C'è sempre qualcuno più degno di altri di ricevere l'attenzione di Cecilia Strada. Fu sprezzante con la crocerossina che a una sfilata del 2 giugno suscitò gli apprezzamenti di Silvio Berlusconi. Benché Emergency e Croce Rossa facciano lo stesso mestiere, affidò ancora a Facebook un commento maligno: «Ho provato a immaginare le meravigliose infermiere di Emergency che marciano alla parata militare, niente da fare, non ho abbastanza fantasia». Per non parlare delle «olgettine» schernite al corteo milanese «Se non ora quando»: «È brutto un mondo che costringe le ragazze afgane a mettersi il burqa in nome della tradizione, ma è altrettanto brutto un mondo che spinge le ragazze italiane a togliersi le mutande, in nome del denaro e del potere».

Quando invece si tratta di guerra al terrorismo si va meno per il sottile. Dopo il conflitto in Afghanistan, suo padre disse che «Bush è come Bin Laden». Lei lo difese così: «Sono affermazioni che magari in bocca ad analisti internazionali anche non di sinistra non desterebbero alcuno scandalo perché te le aspetti. Ma in bocca a Gino, fuori dal contesto, sintetizzate, sembrano tremende. Indagare su che cosa definiamo guerra e che cosa terrorismo non è una follia, lasciamo dipendere tutto solo dallo status giuridico di chi butta la bomba? Le persone ferite, sul tavolo operatorio, sono tutte uguali». E così pure Bush e Bin Laden.

Emergency non si limita a soccorrere chi è privo di assistenza medica. Deve dirlo, urlarlo. «A noi non piace stare zitti perché la guerra ci fa orrore», disse a Fausto Biloslavo in un'intervista al Giornale nei giorni in cui, nel 2010, tre operatori dell'organizzazione erano tenuti prigionieri in Afghanistan perché nell'ospedale di Emergency erano state trovate armi. Per ottenerne la liberazione vi furono cortei, appelli, raccolte di firme: attività cui Cecilia Strada si sottrae malvolentieri. Era al G8 di Genova, è scesa in strada con la Fiom, contro l'intervento in Libia, con i No-Tav, a fianco di Maurizio Landini.

L'aperto sostegno a Coesione sociale ha segnato una svolta nel rapporto tra gli Strada e la politica. In Emergency è sempre prevalsa una certa distanza culminata nel veto al premier Renzi in braghettoni che voleva giocare la partita del cuore in diretta Rai una settimana prima delle elezioni europee. Gino è stato tirato in ballo anche per il Quirinale, ma lui ha ripreso sempre l'aereo per i suoi ospedali. Cecilia è meno drastica, dice che ama troppo il suo lavoro per barattarlo con un posto in Parlamento. Intanto però ha partecipato ai VeDrò di Enrico Letta, ha criticato Matteo Renzi (non parliamo di Berlusconi), ha sfilato con Landini ed è anche entrata nel toto-ministri dell'esecutivo attuale, ma non se ne fece nulla. Troppo legata a Sel.
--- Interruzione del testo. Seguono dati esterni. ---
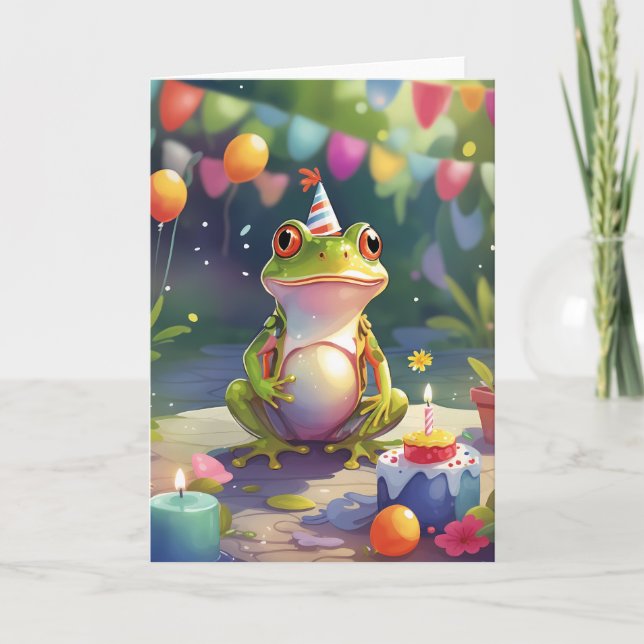 Smiling Frog Outdoors With Cake Card (Front)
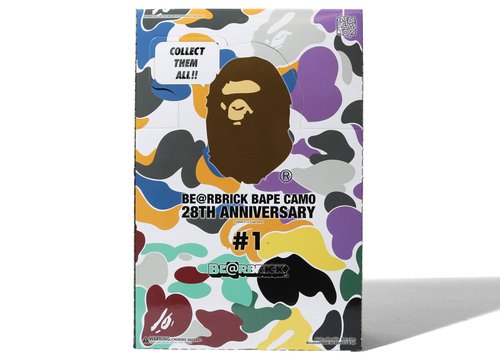 Bearbrick x A Bathing Ape 28th Anniversary Camo #1 Sealed Case 100% 24 Blind Boxes - Multicolor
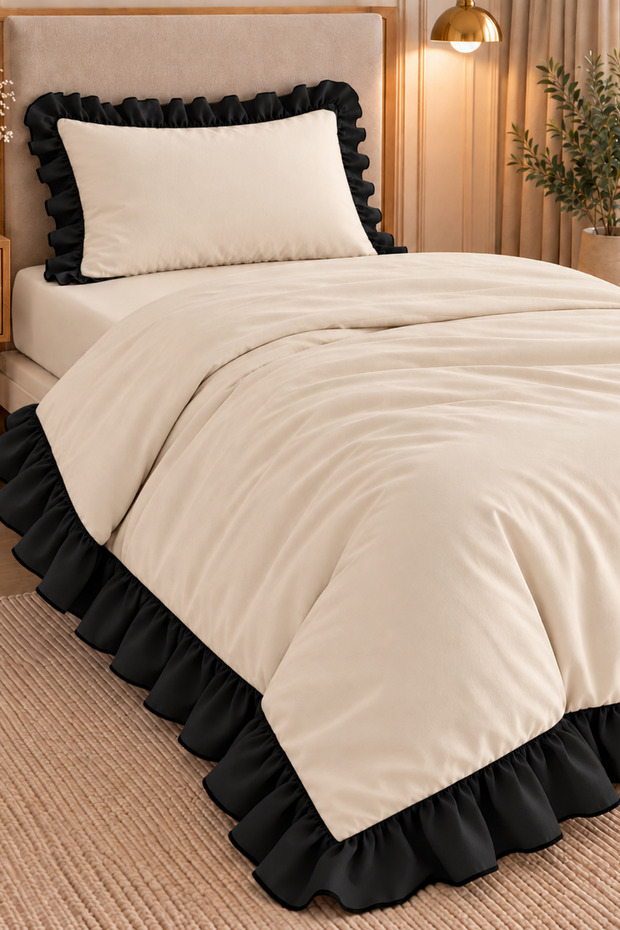 Ruffled 100% Cotton Single Duvet Cover Set Cream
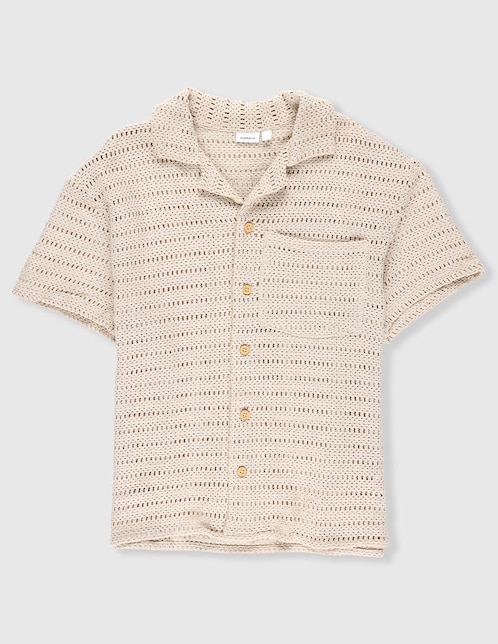 Camisa casual Name It de algodón manga corta para niño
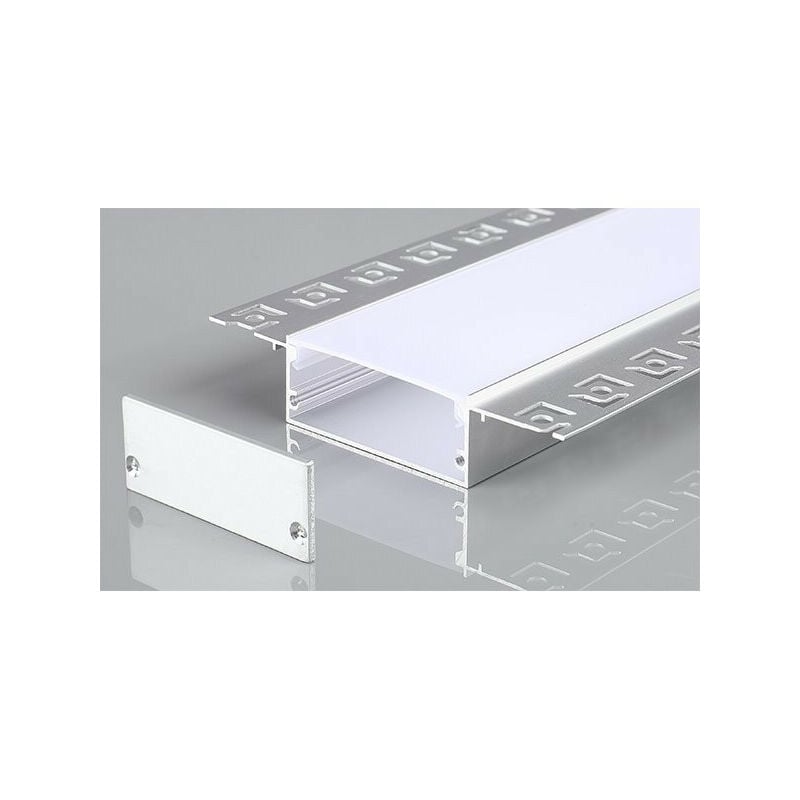 foto del prodotto optonica profilo in alluminio da rivestire con diffusore bianco larghezza 96mm x h20mm x 2m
Il 24 febbraio 2013 suo marito Maso Notarianni, giornalista cresciuto nei media di Emergency, si era candidato alla Regione con la lista arancione «Etico per Ambrosoli» senza fortuna (778 preferenze personali, 0,96 per cento complessivo). Cecilia e Gino Strada avevano firmato il manifesto di Ingroia «Io ci sto» salvo pentirsene: Gino lo liquidò come «centro raccolta differenziata per trombati». Ora sorge l'astro di Maurizio Landini e si fa il nome di Cecilia per il dopo-Pisapia a Milano.

Chissà se questa emergenza prevarrà sull'altra.